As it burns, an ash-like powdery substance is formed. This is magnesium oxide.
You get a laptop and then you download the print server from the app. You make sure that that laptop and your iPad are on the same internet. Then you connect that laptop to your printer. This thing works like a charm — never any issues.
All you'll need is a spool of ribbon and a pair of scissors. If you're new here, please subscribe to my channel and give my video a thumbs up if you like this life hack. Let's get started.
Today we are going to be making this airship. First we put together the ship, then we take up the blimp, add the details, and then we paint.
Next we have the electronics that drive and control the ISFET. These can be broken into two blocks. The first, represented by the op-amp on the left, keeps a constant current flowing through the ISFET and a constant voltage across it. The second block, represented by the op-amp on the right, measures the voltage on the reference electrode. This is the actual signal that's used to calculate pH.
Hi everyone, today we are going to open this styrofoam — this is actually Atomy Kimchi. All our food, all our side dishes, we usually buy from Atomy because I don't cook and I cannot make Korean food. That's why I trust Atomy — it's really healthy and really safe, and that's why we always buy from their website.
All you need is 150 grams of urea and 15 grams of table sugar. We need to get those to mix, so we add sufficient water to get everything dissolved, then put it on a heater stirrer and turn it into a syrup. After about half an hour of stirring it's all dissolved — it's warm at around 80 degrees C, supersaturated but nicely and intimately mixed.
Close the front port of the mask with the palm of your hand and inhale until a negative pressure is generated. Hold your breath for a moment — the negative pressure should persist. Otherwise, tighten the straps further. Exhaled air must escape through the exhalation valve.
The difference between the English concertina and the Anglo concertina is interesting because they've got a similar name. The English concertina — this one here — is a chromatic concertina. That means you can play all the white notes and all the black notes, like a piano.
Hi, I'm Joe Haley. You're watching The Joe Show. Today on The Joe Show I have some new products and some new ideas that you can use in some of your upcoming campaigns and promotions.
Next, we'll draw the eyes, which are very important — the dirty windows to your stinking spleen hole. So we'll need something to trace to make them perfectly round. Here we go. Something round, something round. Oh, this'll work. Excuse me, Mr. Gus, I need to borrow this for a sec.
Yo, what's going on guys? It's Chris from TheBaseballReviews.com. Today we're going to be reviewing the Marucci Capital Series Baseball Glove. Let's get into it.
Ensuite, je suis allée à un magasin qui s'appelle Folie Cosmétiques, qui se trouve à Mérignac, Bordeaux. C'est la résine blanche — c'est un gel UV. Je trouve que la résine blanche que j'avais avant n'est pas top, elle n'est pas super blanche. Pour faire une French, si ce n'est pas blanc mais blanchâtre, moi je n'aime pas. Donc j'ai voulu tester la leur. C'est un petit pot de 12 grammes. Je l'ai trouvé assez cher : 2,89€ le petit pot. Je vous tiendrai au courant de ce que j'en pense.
________________________
WHAT IS BEING ASKED
Take the line above containing "All you need", the line containing "Yo, what's going", and all lines in between, and copy them exactly without anything else.

RESULT
All you need is 150 grams of urea and 15 grams of table sugar. We need to get those to mix, so we add sufficient water to get everything dissolved, then put it on a heater stirrer and turn it into a syrup. After about half an hour of stirring it's all dissolved — it's warm at around 80 degrees C, supersaturated but nicely and intimately mixed.
Close the front port of the mask with the palm of your hand and inhale until a negative pressure is generated. Hold your breath for a moment — the negative pressure should persist. Otherwise, tighten the straps further. Exhaled air must escape through the exhalation valve.
The difference between the English concertina and the Anglo concertina is interesting because they've got a similar name. The English concertina — this one here — is a chromatic concertina. That means you can play all the white notes and all the black notes, like a piano.
Hi, I'm Joe Haley. You're watching The Joe Show. Today on The Joe Show I have some new products and some new ideas that you can use in some of your upcoming campaigns and promotions.
Next, we'll draw the eyes, which are very important — the dirty windows to your stinking spleen hole. So we'll need something to trace to make them perfectly round. Here we go. Something round, something round. Oh, this'll work. Excuse me, Mr. Gus, I need to borrow this for a sec.
Yo, what's going on guys? It's Chris from TheBaseballReviews.com. Today we're going to be reviewing the Marucci Capital Series Baseball Glove. Let's get into it.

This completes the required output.